* [Stored data]
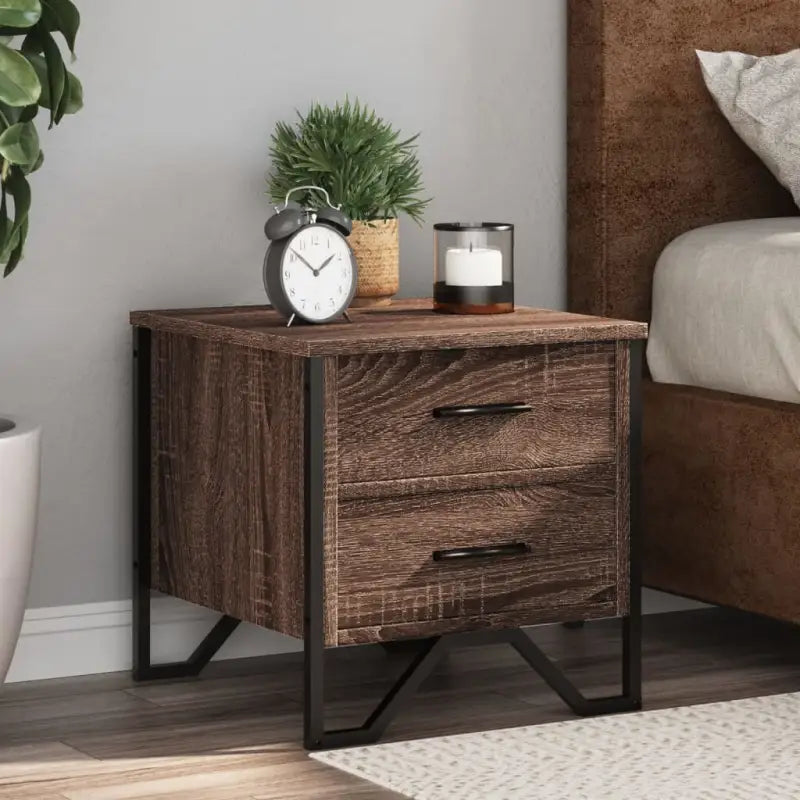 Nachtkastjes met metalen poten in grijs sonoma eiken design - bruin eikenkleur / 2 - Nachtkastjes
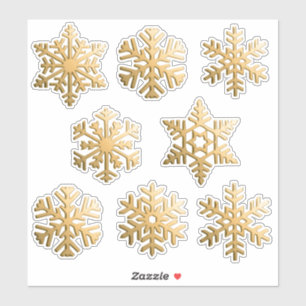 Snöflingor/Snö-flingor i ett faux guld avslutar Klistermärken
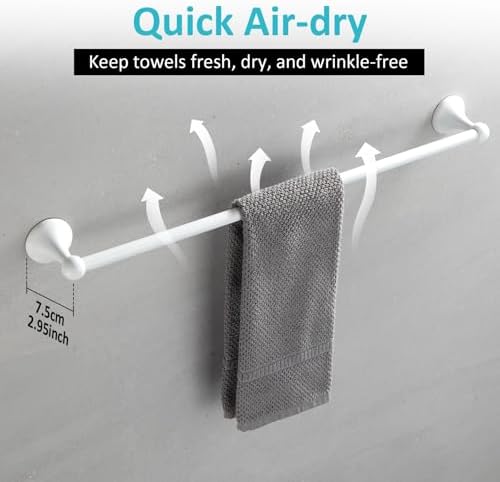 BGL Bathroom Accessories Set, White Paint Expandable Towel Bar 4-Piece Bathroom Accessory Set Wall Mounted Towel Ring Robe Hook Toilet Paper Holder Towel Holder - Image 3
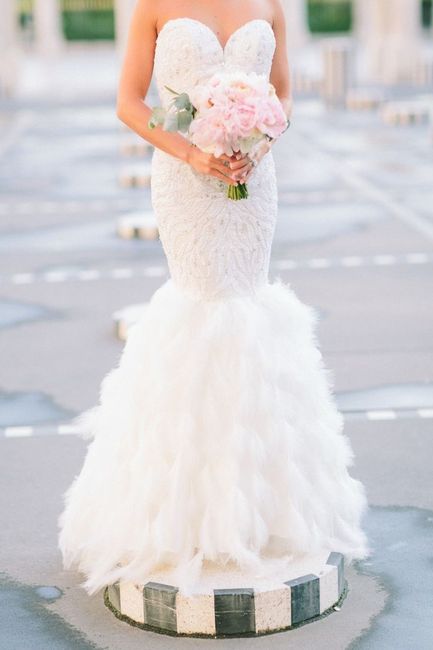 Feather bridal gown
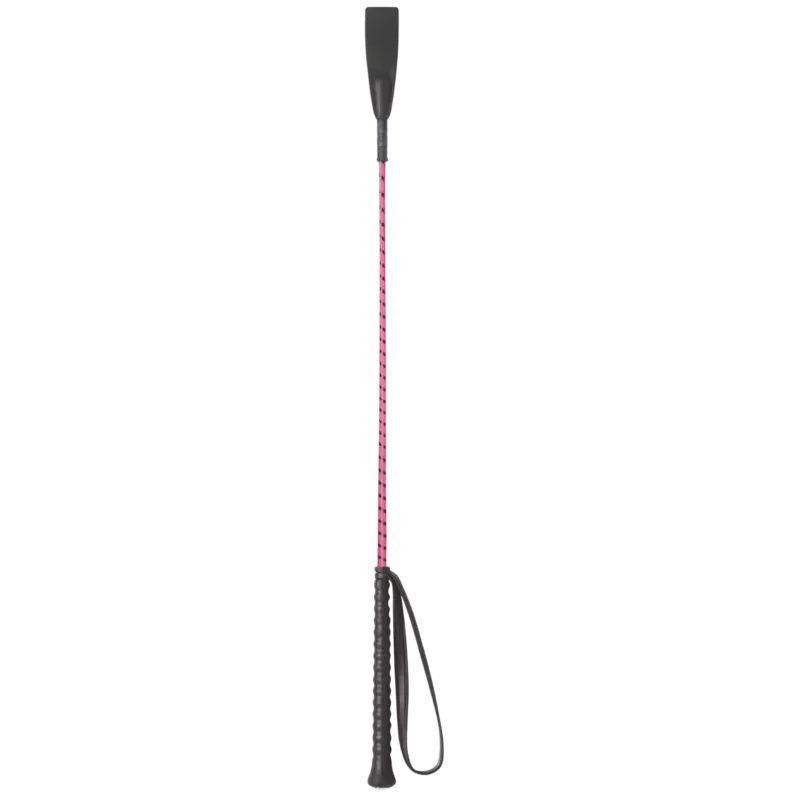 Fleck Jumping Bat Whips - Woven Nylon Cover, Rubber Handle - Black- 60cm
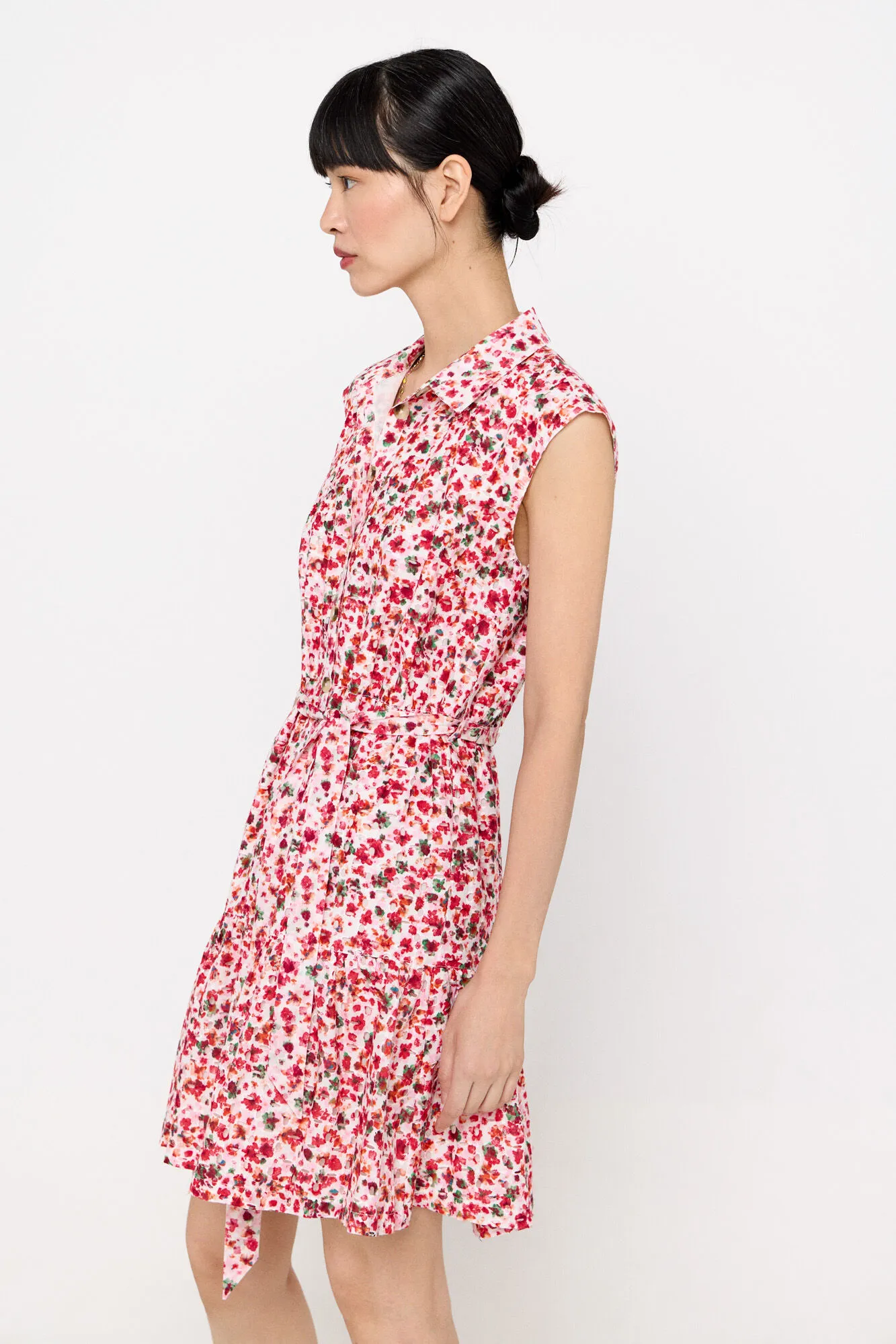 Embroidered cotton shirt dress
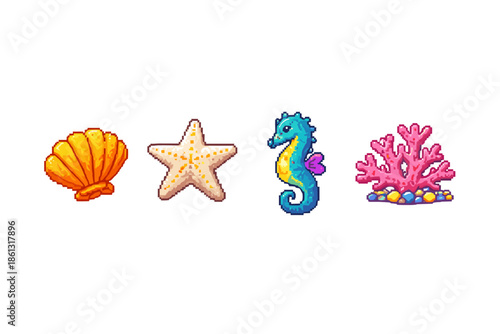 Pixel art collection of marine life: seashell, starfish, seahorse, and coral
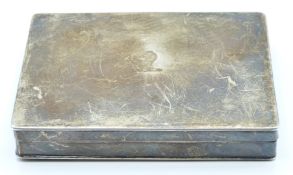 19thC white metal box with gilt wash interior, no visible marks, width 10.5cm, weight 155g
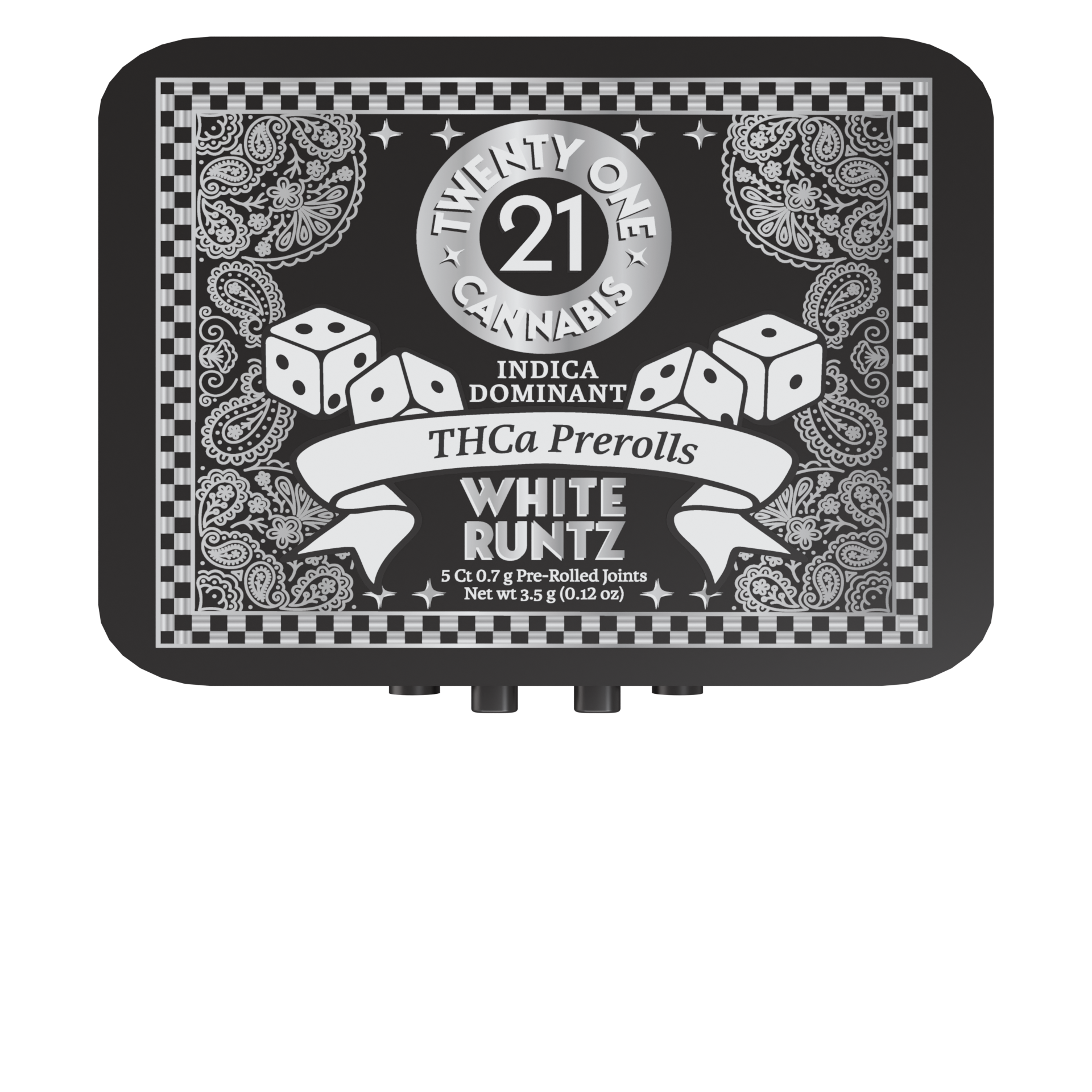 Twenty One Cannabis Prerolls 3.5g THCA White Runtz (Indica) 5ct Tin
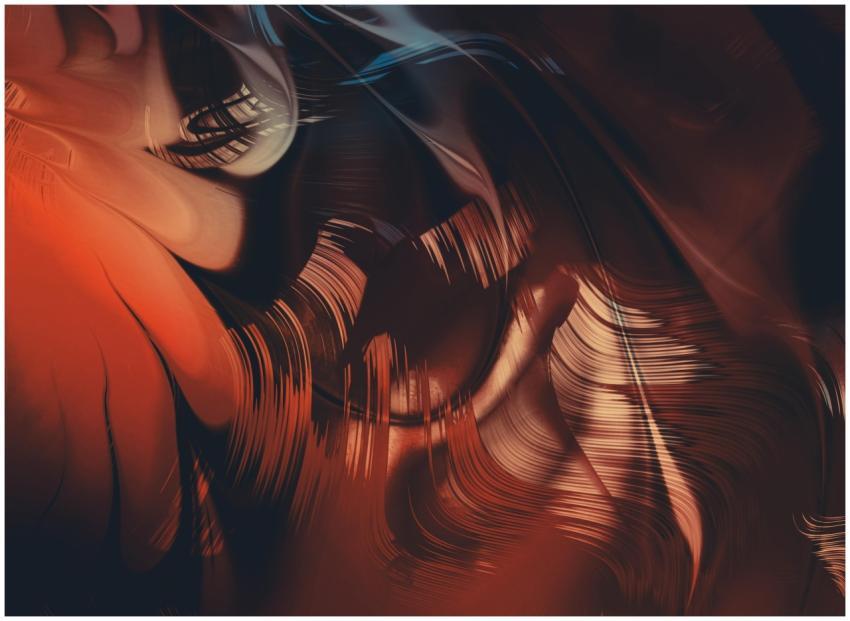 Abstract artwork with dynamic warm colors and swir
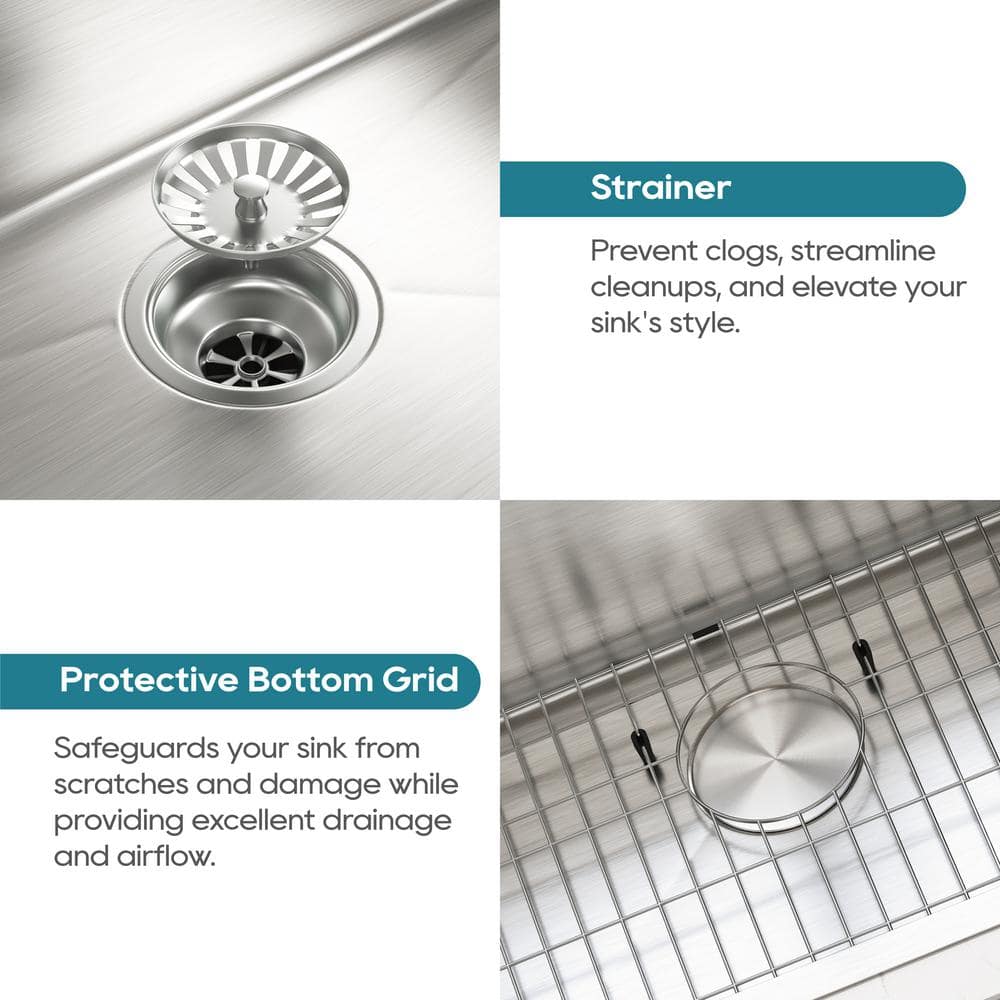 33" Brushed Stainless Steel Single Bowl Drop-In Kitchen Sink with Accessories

* [About this task] Leave out the pictures and repeat exactly the lines from the one containing "Pixel art collection" through the last line of the entries.

* [Exercise answer]
 Pixel art collection of marine life: seashell, starfish, seahorse, and coral
 19thC white metal box with gilt wash interior, no visible marks, width 10.5cm, weight 155g
 Twenty One Cannabis Prerolls 3.5g THCA White Runtz (Indica) 5ct Tin
 Abstract artwork with dynamic warm colors and swir
 33" Brushed Stainless Steel Single Bowl Drop-In Kitchen Sink with Accessories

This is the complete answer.